In 1988, the year before his show premièred, Hall starred in “Coming to America,” a romantic comedy about an African prince (Eddie Murphy) who travels to Queens, New York, along with his aide (Hall), to find a bride. They make a stop at the Jackson Heights Y.M.C.A., where a Miss Black Awareness pageant is taking place. A reverend, also played by Hall, launches into a spirited sermon about the bikini-clad contestants: “Man cannot make it like this! Larry Flynt! Hugh Hefner! They can take the picture, but you can’t make it! Only God above, the Hugh Hefner on high, can make it for ya!”
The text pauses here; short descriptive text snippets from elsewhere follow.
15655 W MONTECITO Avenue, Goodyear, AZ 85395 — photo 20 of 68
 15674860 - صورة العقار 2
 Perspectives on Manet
Hall later told Howard Stern that he’d based the character, in part, on his father, Fred Hall, whom he calls, in his memoir, a “strict, conservative Baptist preacher.” Not so conservative—at sixty-five, he married Annie Martin, the twenty-one-year-old daughter of a church deacon. Hall was born to the odd couple in 1956 in Cleveland. (The “dog pound” is a reference to a raucous fan section in the city’s football stadium.) In his book, Hall describes their union as an opposites-attract situation. Fred listened to Mahalia Jackson spirituals, while Annie preferred Elvis and Ray Charles—what Fred called “hip-slapping music.” Nonetheless, Hall identifies a sensuality in his father’s sermonizing which would inspire his own late-night persona. “He doesn’t just preach,” Hall writes. “He puts on a show. With handkerchief in hand, he prowls the pulpit, he gesticulates, he growls, he shouts, he whispers.”

When Hall was five, his mother moved out, taking him with her. She worked long hours and got him a babysitter—an Emerson TV set, on which he would watch Carson, Merv Griffin, and Dinah Shore. “I get hooked on Dinah!, not what you would expect from a Black kid living in the ghetto,” he observes. Then again, representation was scarce—Jet magazine ran a column called “Television” that listed every Black person who was going to appear that week. But to the young Hall the color line wasn’t the biggest hurdle—bedtime was. He was in grade school, and Carson came on at 11:30 P.M. He writes, “I turn the sound way down, then crawl so close to the TV screen that I feel as if I’m practically inside The Tonight Show set, sitting next to Johnny.” He hosted the first “Arsenio Hall Show” in his basement. His musical guest, “Junior Brown from down the street,” sang the Temptations’ “Get Ready” on a Mattel Show’N Tell.

Fred Hall had hoped that his son would join the clergy, but Hall dreamed of becoming a magician, just like his idol, Johnny Carson. Hall’s book is in some ways a magician’s memoir of making it, capturing a working-class kid who pulls opportunities out of a hat. A teen-age cousin of Hall’s, who came to live with him and his mother after becoming pregnant, brought a book called “Magic for Beginners” home from the library. Hall taught himself tricks, sprinkling jokes into his performance: “I know all the white magicians say abracadabra. I say collard greens.”